The Supreme Court affirmed the decision of the Court of Appeals, upholding the dismissal of the complaint. The Court ruled that Pilipinas Bank did not violate its obligation to physically deliver the promissory note because a lawful SEC order had frozen all assets of Philfinance, placing it under suspension of payments. The SEC, by virtue of Presidential Decree No. 902-A, has exclusive and original jurisdiction to liquidate Philfinance and decide all questions concerning the title or right of possession to its assets, including the promissory note in question. Therefore, the Bank could not lawfully deliver the security without violating the SEC order, and any claim should have been coursed through the SEC-CB Management Committee for equitable disposition.

Ratio Decidendi

On the issue of the Securities Custodianship Agreement and Pilipinas Bank's liability: The Court held that while petitioners were not direct parties to the Securities Custodianship Agreement, their claim was based on the Denominated Custodian Receipt (DCR) issued by Pilipinas Bank. The DCR contained an undertaking by the Bank to physically deliver the security upon written instructions. However, this undertaking was rendered impossible by the Securities and Exchange Commission (SEC) Order dated June 18, 1981, which placed Philfinance under suspension of payments and froze all its assets. The SEC, under PD 902-A, has exclusive jurisdiction over the liquidation of corporations and the determination of all questions concerning title or right of possession to assets of such corporations. Therefore, Pilipinas Bank could not lawfully deliver the promissory note to the petitioners without violating the SEC order. The Court reasoned that the assets of Philfinance were held in trust for the equal benefit of all creditors, and allowing one creditor to obtain an advantage through judicial proceedings would prejudice others. The Court cited Dharmdas vs. Buenaflor and Alemar's Sibal & Sons, Inc. vs. Elbinias to support the principle that all claims against a corporation under receivership or suspension of payments must be filed with the SEC for equitable distribution. On the issue of Delta Motors Corporation's liability and the Negotiable Instruments Law: The Court did not directly rule on Delta Motors Corporation's liability under the non-negotiable promissory note, as the primary issue revolved around the SEC's jurisdiction over the asset.
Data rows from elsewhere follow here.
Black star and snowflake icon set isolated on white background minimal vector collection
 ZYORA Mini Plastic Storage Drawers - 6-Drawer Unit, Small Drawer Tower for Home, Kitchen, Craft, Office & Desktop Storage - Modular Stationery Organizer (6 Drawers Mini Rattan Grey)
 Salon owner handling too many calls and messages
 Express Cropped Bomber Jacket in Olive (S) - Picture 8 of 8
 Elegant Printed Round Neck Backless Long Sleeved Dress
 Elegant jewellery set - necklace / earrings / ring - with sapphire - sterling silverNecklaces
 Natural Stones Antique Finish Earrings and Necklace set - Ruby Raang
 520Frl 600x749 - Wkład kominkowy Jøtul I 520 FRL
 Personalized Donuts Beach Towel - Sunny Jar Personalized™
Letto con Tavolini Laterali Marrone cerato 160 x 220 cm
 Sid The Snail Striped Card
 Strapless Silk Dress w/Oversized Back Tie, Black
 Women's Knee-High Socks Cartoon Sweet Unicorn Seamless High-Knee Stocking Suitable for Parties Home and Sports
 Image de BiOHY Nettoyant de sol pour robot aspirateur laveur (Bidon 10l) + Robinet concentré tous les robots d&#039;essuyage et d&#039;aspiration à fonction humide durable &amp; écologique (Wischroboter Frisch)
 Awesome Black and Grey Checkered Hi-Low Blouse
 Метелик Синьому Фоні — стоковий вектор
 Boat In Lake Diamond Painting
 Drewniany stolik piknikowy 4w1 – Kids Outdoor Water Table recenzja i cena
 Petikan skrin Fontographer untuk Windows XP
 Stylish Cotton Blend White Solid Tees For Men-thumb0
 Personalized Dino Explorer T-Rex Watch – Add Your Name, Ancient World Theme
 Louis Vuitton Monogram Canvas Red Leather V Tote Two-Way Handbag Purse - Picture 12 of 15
However, the Court implied that any dispute concerning the promissory note, including its ownership and right of possession, should have been brought before the SEC. The Court noted that Delta Motors' claim that it merely "warehoused" the promissory note and never authorized its sale or assignment should have been threshed out by the SEC. The Court's focus remained on the SEC's exclusive jurisdiction, which superseded the petitioners' claims against Delta Motors and Pilipinas Bank in the regular courts. The Court reiterated that the SEC's order effectively placed the promissory note under its custody, and only the SEC could resolve disputes concerning it.

Main Doctrine

A bank holding a promissory note as custodian for a finance company, which is subsequently placed under suspension of payments by the SEC, cannot be compelled to physically deliver the promissory note to a third party who claims to have purchased a portion of it, as the SEC has exclusive jurisdiction over all questions concerning the title or right of possession to the assets of the distressed corporation.